WHAT THIS TASK INVOLVES:
Pictures aside, copy exactly the lines running from the one with "6 Bonham Gate, 11" to the end of the records.

[Captioned web image data]
#####

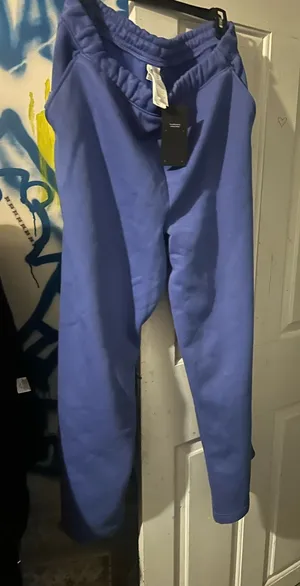 XL fabletics wide leg sweatpants thumbnail 1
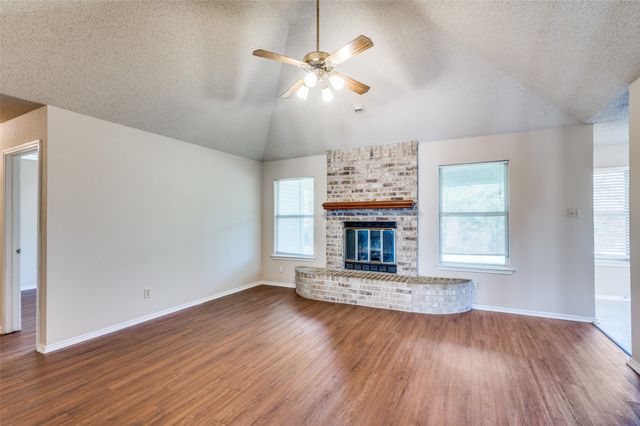 7413 Emerywood Lane, Fort Worth, TX 76137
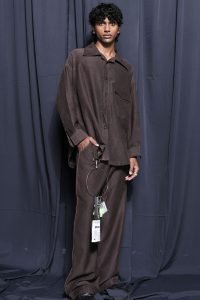 Man wearing balav suede shirt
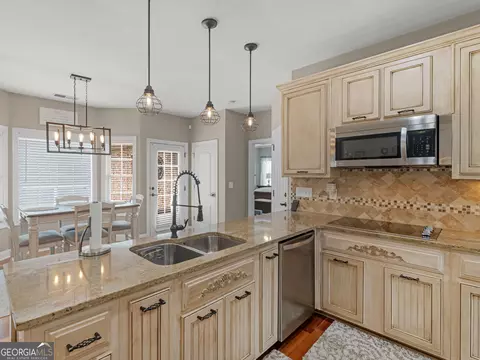 Kitchen - 221 Hummingbird Ct, Hampton, GA 30228 photo 9 of 9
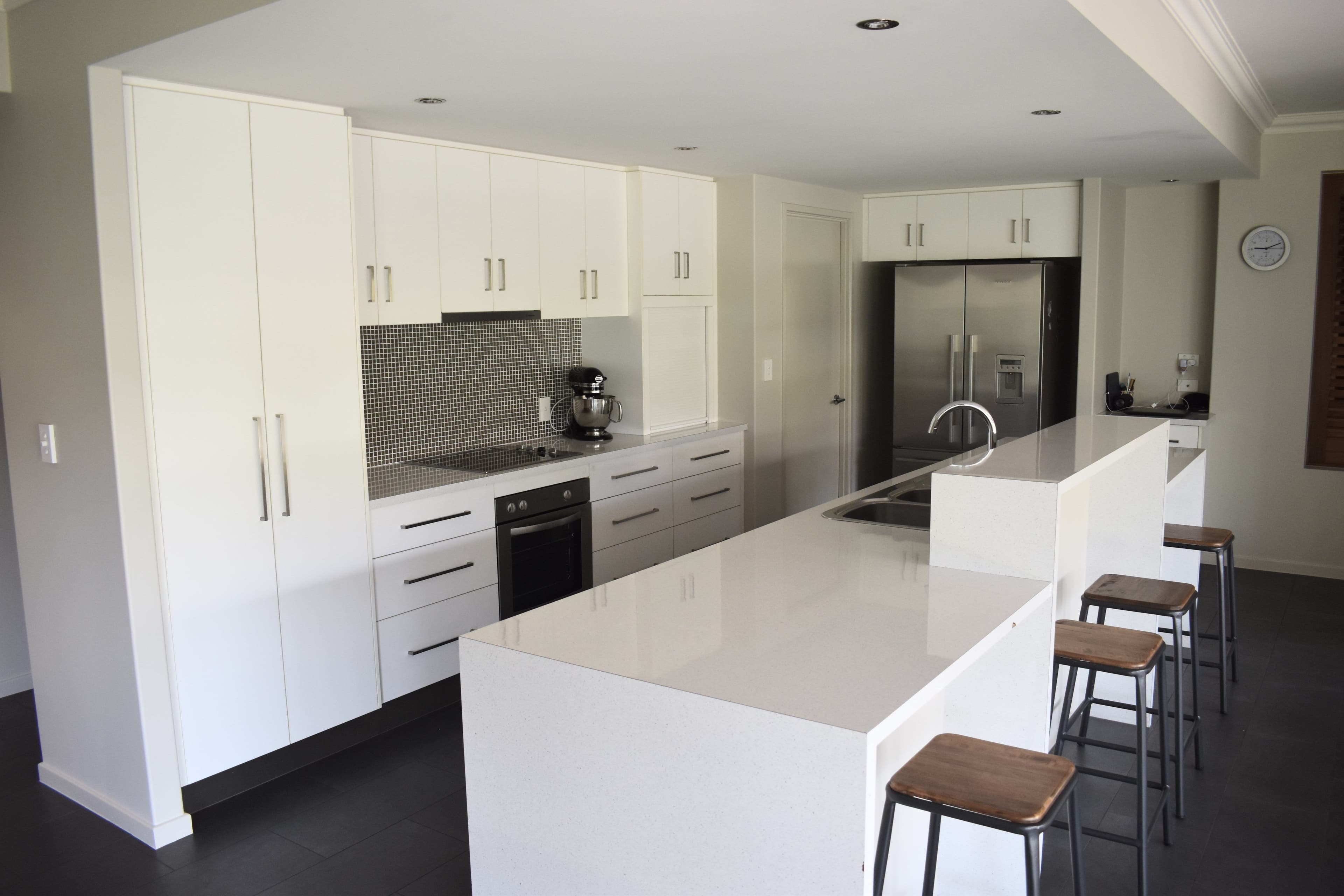 11 Morgan Place, Emerald QLD 4720, Emerald - Thumbnail 2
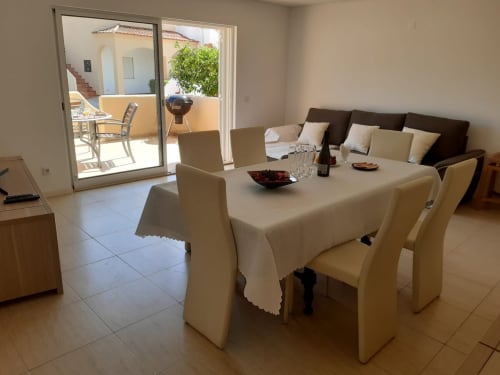 Sala de jantar do apartamento de praia MARSOL com acesso ao terraço, Férias na Praia do Algarve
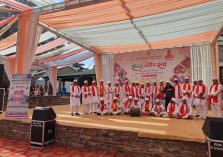 The district administration in Almora organized a three-day (March 9-11, 2025) drug-free Holi festival, which was inaugurated by Honorable Union Minister of State Ajay Tamta.;?>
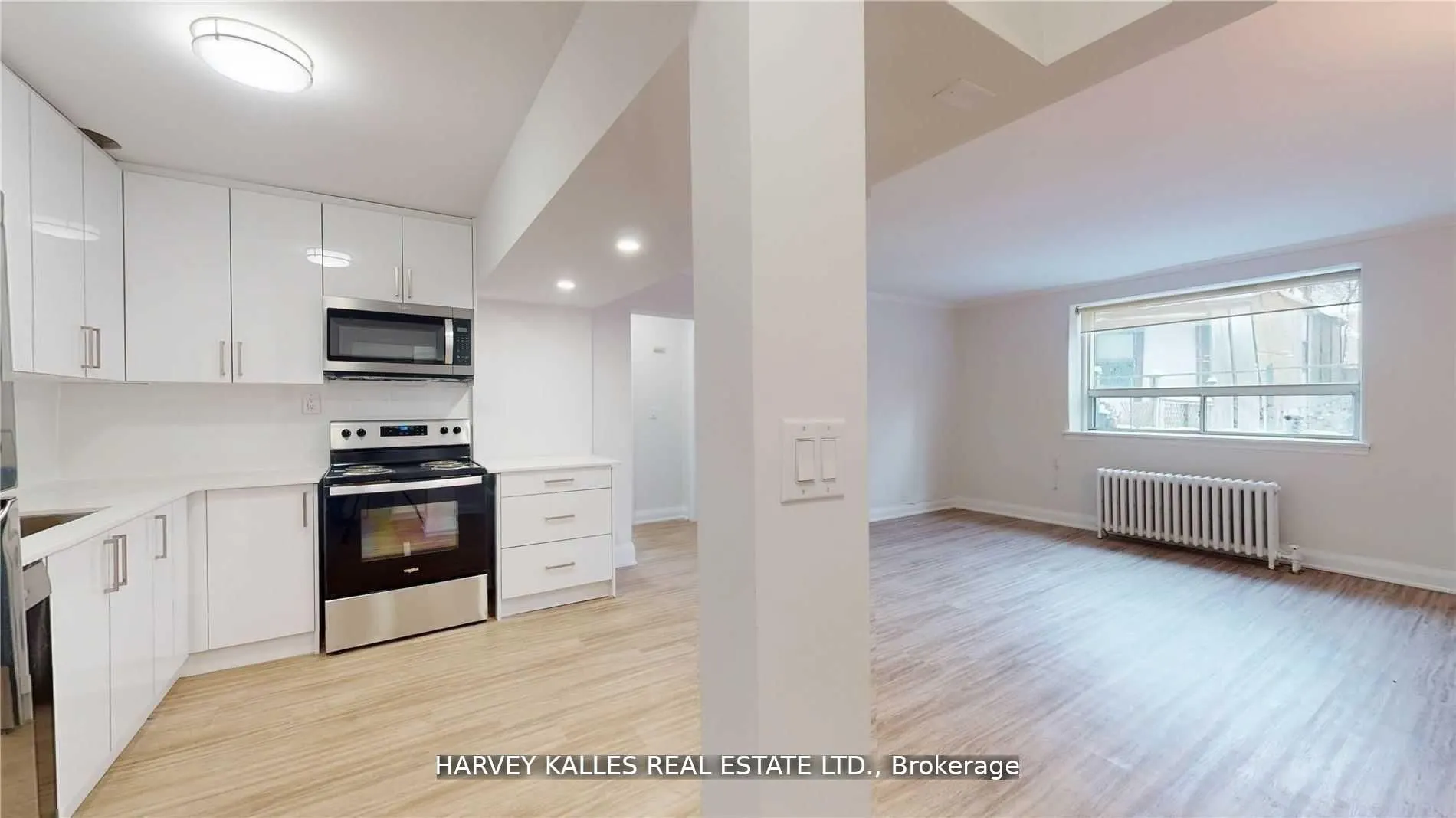 320 Lonsdale Road, #8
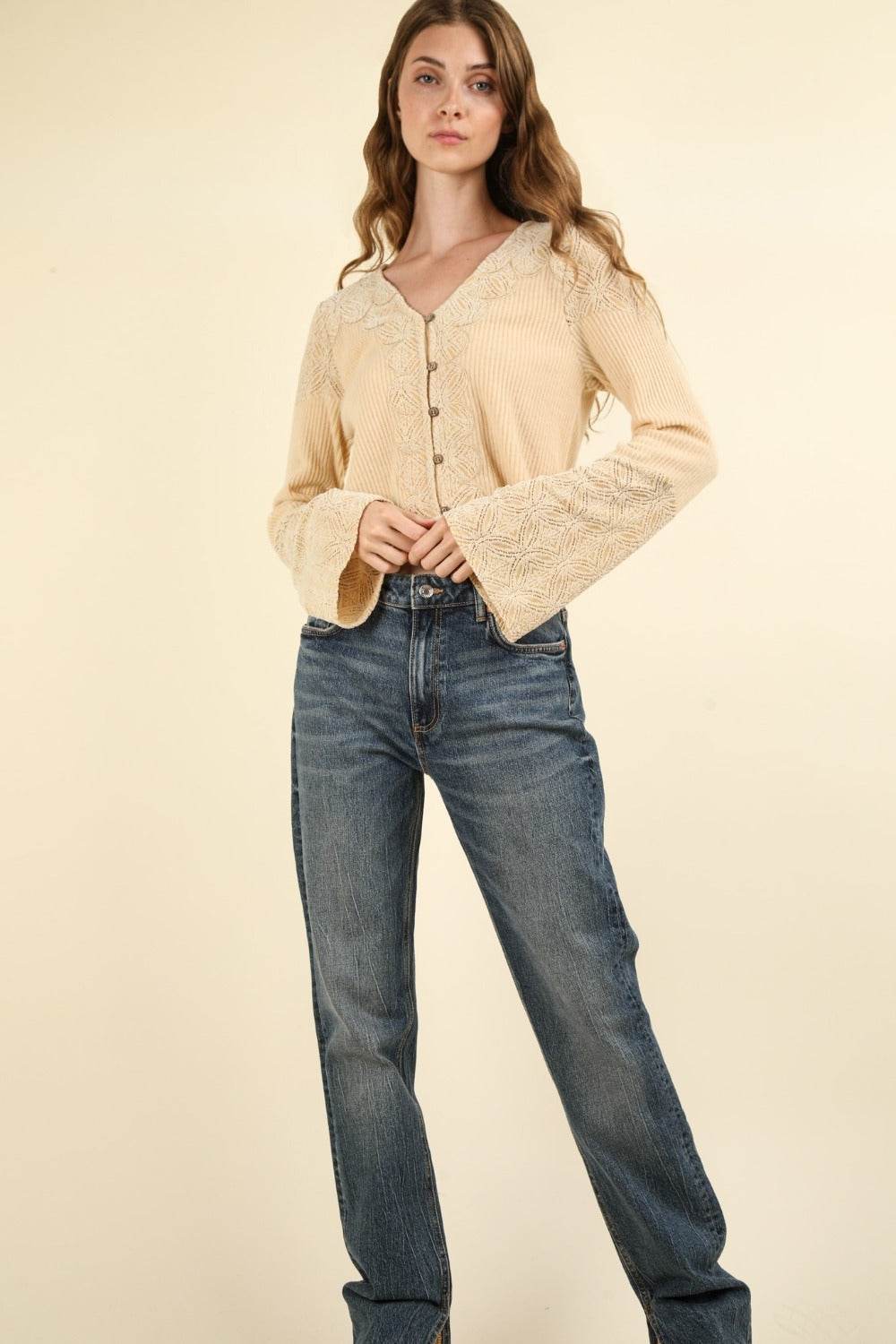 VERY J V-Neck Lace Detail Button Down Crop Ribbed Knit Top - Delanoir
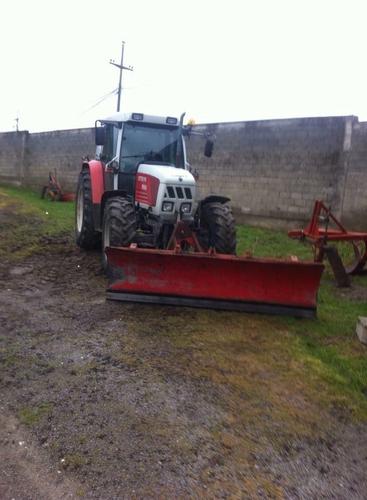 Traktor Steyr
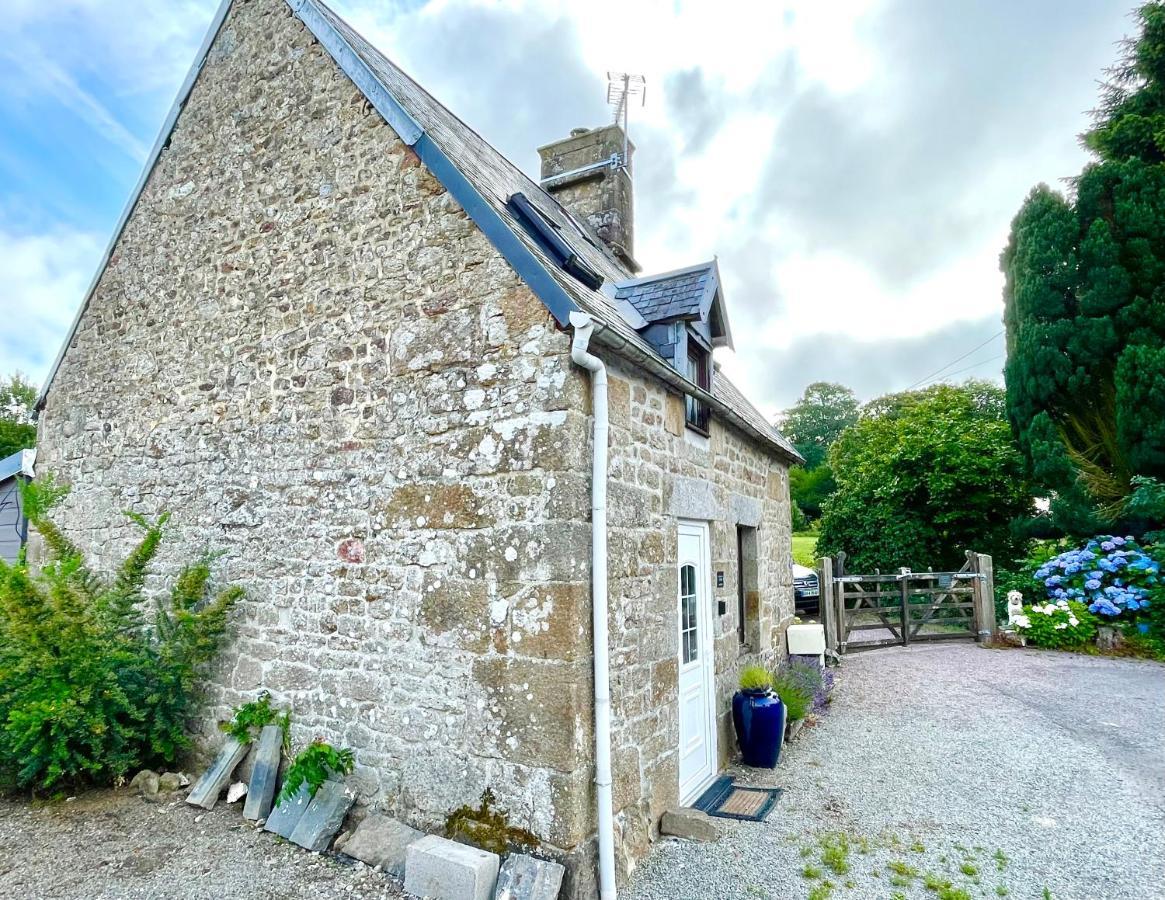 Le Petit Fleur - The Little Flower, Cosy Cottage Saint-Michel-de-Montjoie Exterior photo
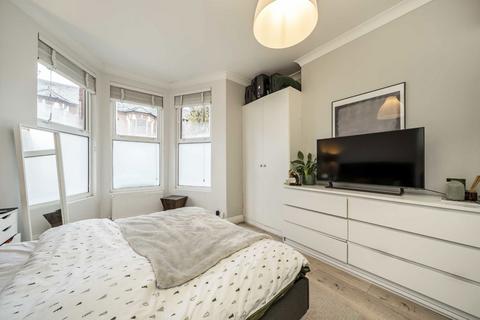 2 bedroom flat to rent, Bovill Road, London SE23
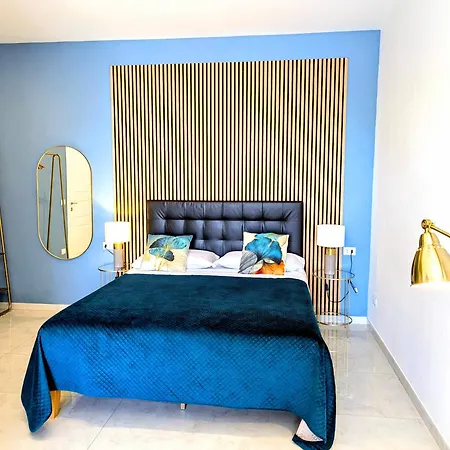 Art Flat Municipio Neapel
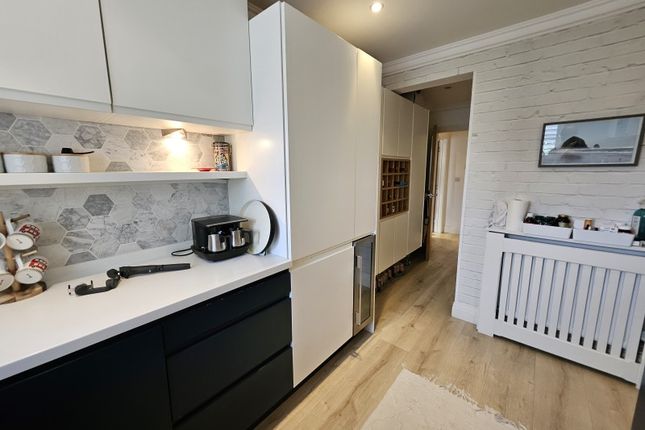 6 Bonham Gate, 11 New Zealand Avenue, Walton on Thames photo 4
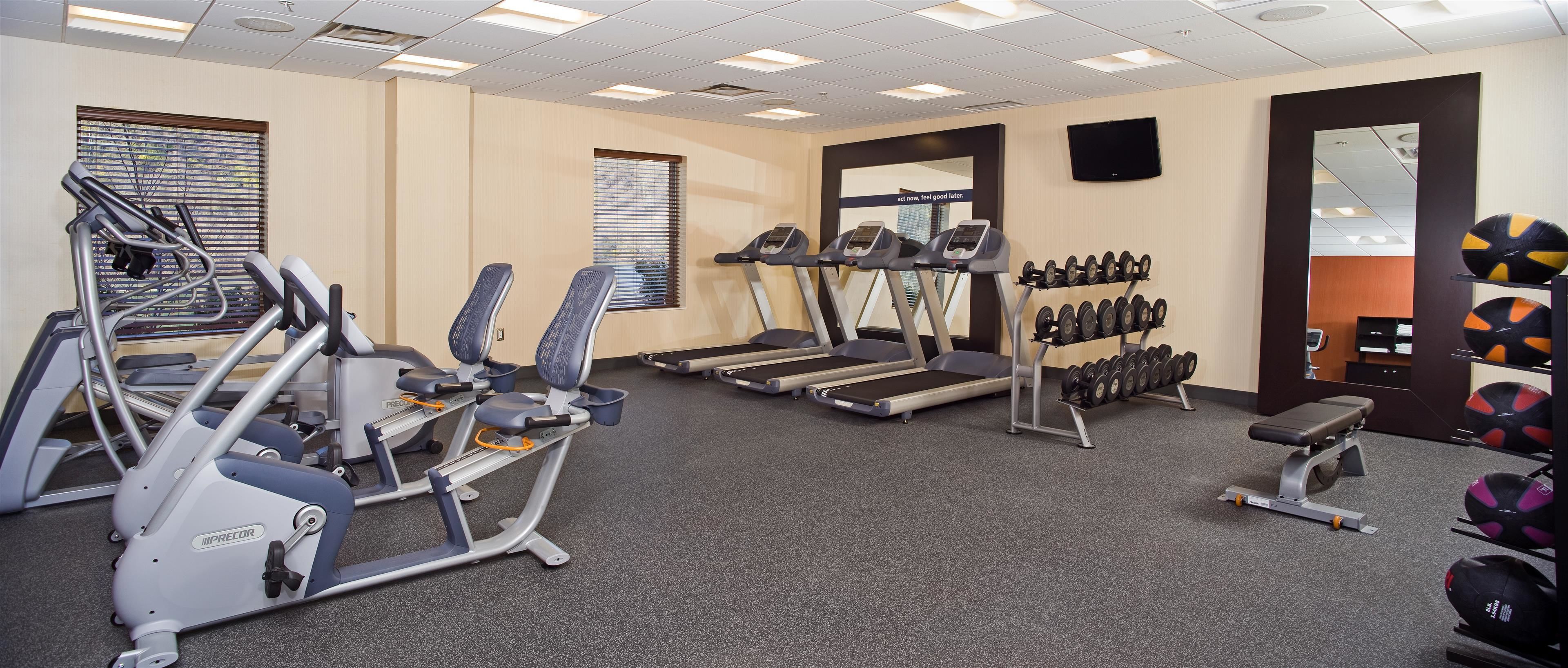 Hampton Inn & Suites Pittsburgh Waterfront West Homestead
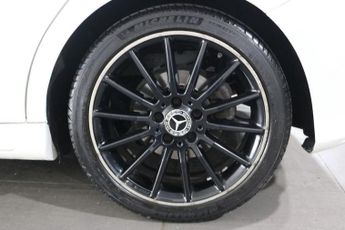 MERCEDES-BENZ A-CLASS 2.1 A200d AMG Line (Premium) Hatchback 5dr Diesel 7G-DCT Euro 6 
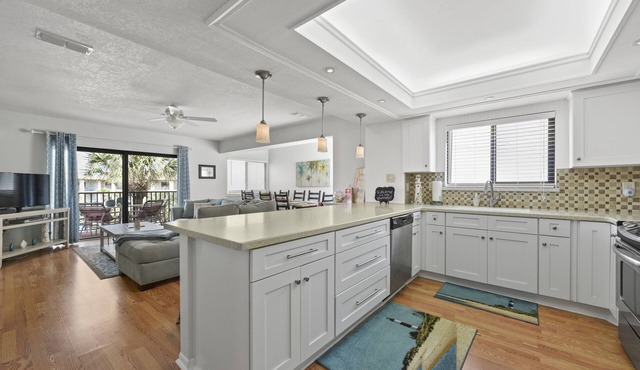 Spacious and updated 3br/2ba condo in St. Augustine Beach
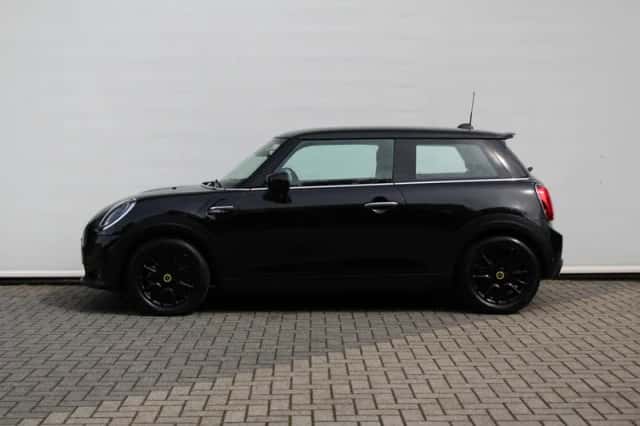 MINI Mini Electric (2024) thumbnail 5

#####

EXPECTED OUTPUT:
 6 Bonham Gate, 11 New Zealand Avenue, Walton on Thames photo 4
 Hampton Inn & Suites Pittsburgh Waterfront West Homestead
 MERCEDES-BENZ A-CLASS 2.1 A200d AMG Line (Premium) Hatchback 5dr Diesel 7G-DCT Euro 6 
 Spacious and updated 3br/2ba condo in St. Augustine Beach
 MINI Mini Electric (2024) thumbnail 5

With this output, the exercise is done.